Ook het vrouwelijke deel van de ijsclub deed van zich spreken. Ook Frouke Oonk was vele jaren een specialiste op de korte afstand. Al in 1995 drong ze door tot de Sprint kernploeg bij de junioren. In het seizoen 2002/2003 wist zij tijdens wereldbekerwedstrijden in de B-groep een keer 1e en 3e te worden. Haar grootste succes was 2e in Inzell bij wereldbekerwedstrijden in de A-categorie op de 500 meter. In 2004 werd ze zelfs 4e in het eindklassement van de wereldbeker. Uiteindelijk maakte een langdurige blessure en de ziekte van Pfeifer in 2007 een einde aan haar carrière. Haar 500 meter record is een lage 38'er op de 500 meter en die mag er nu nog steeds zijn.

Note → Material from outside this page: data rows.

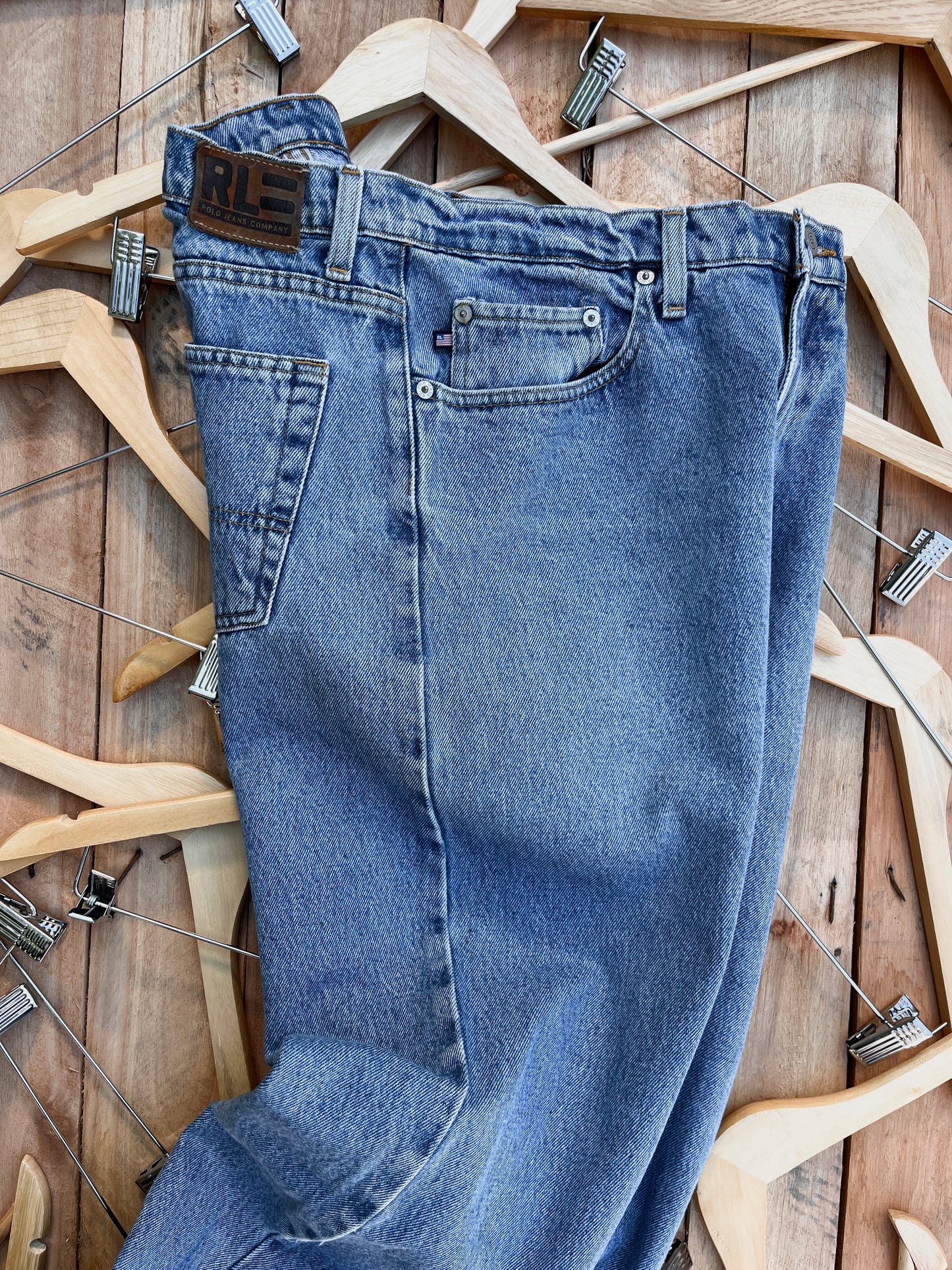 Pantalón de mezclilla Polo Jeans Co. Ralph Lauren | Talla 42 nacional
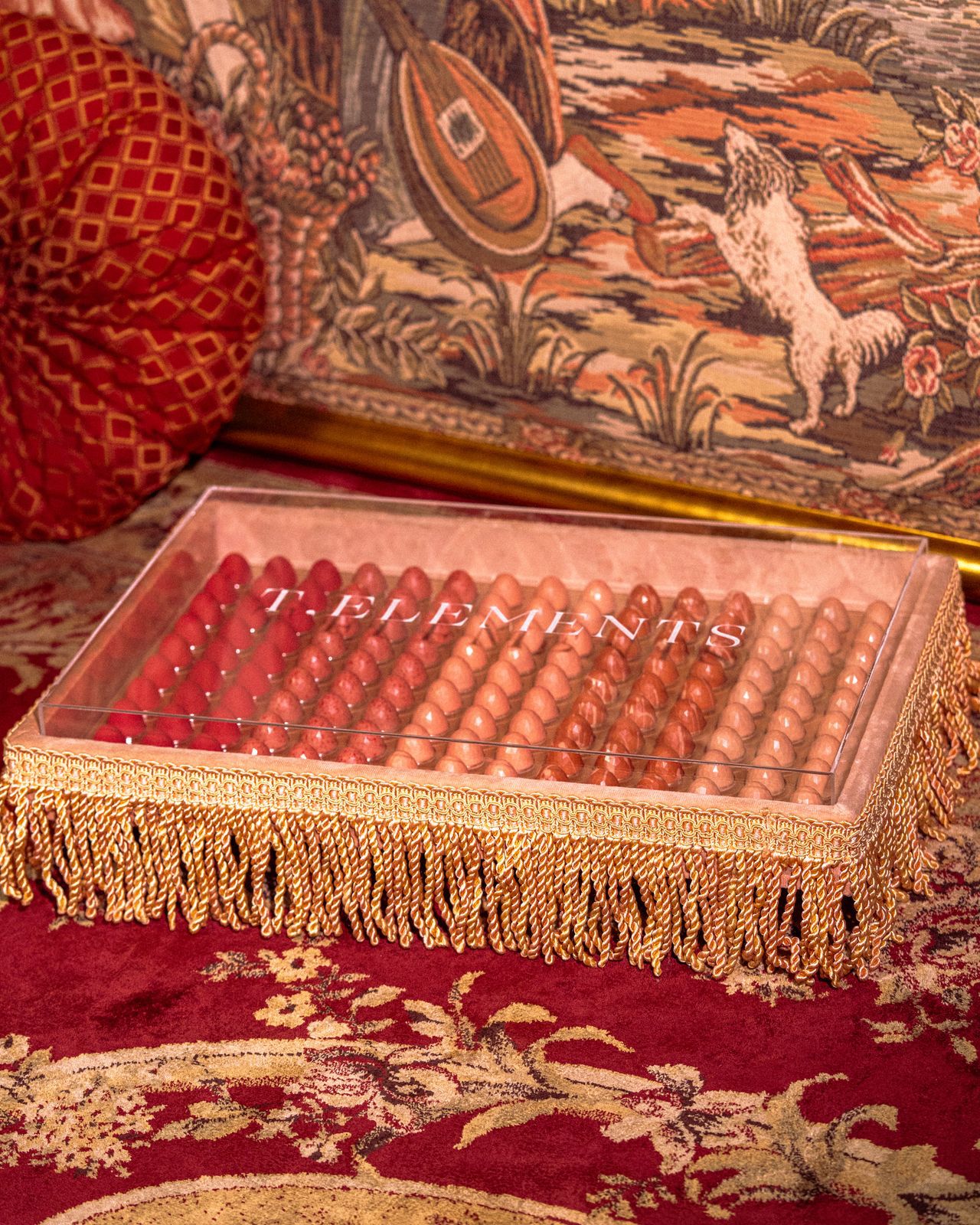 The Royal Collection - Beige Trays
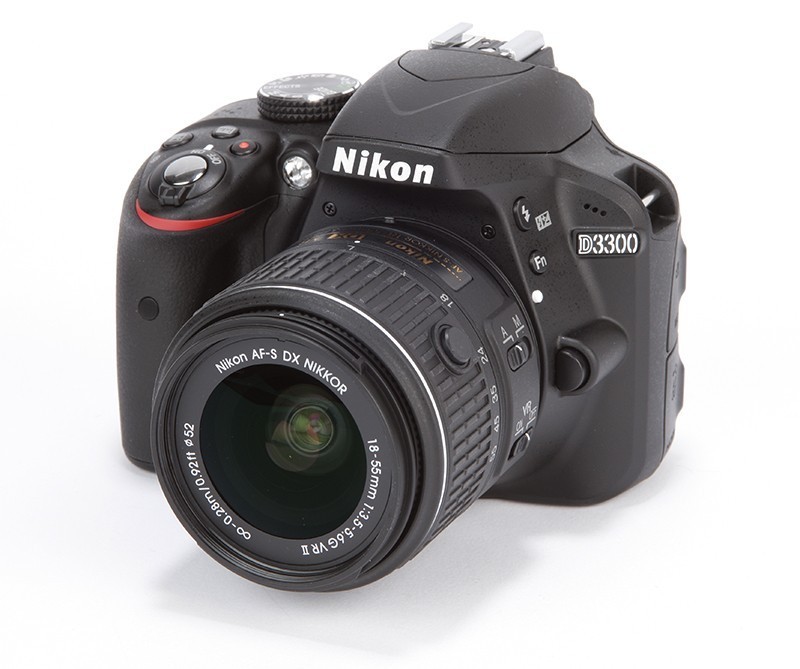 C mera Digital Nikon  D3300  LojasParaguai com br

Dan lijkt er enige droogte te ontstaan totdat tijdens een maandagavond in 2012 een jonge dame als introducee een keer mee mag komen schaatsen. Het scherpe kennersoog van twee van onze schaatsbegeleiders van het late maandagavonduur voor de recreanten zag meteen dat ze een perfecte diepe zit had, een fluwelen geruisloze afzet, een goed doortrekkend linkerbeen en ze kwam erg goed over. Ze kwam uit Belgie en werkte tijdelijk in Eindhoven. Het was het begin van een glanzende schaatscarrière …… voor België. Ze paste zich makkelijk aan aan de groep en luisterde buiten gewoon goed naar de twee begeleiders. De ene had een bril op en de andere een baardje. En zij heette Jelena Peeters .
Tijdens de Belgische kampioenschappen die in Eindhoven worden gehouden werd ze glansrijk kampioen. Toen haar talent ook door anderen werd herkend waren die er als de kippen bij om de zorg over te nemen. Maar we bleven haar nog wel volgen. Tijdens de WK in Heerenveen had ze zelfs een heuse Eindhovense supportersgroep. Ze werd steevast uitgezonden naar Wereldkampioenschappen, wereldbeker wedstrijden en Olympische Spelen. Thijs was erbij en denkt er met enige weemoed aan terug.
Later kwam nog een Belg proberen om Jelena te evenaren . De fameuze veldrijder Sven Nijs melde zich ook bij de IJsclub. Hier konden we echter geen groot schaatskampioen van maken, zelfs niet voor Belgie.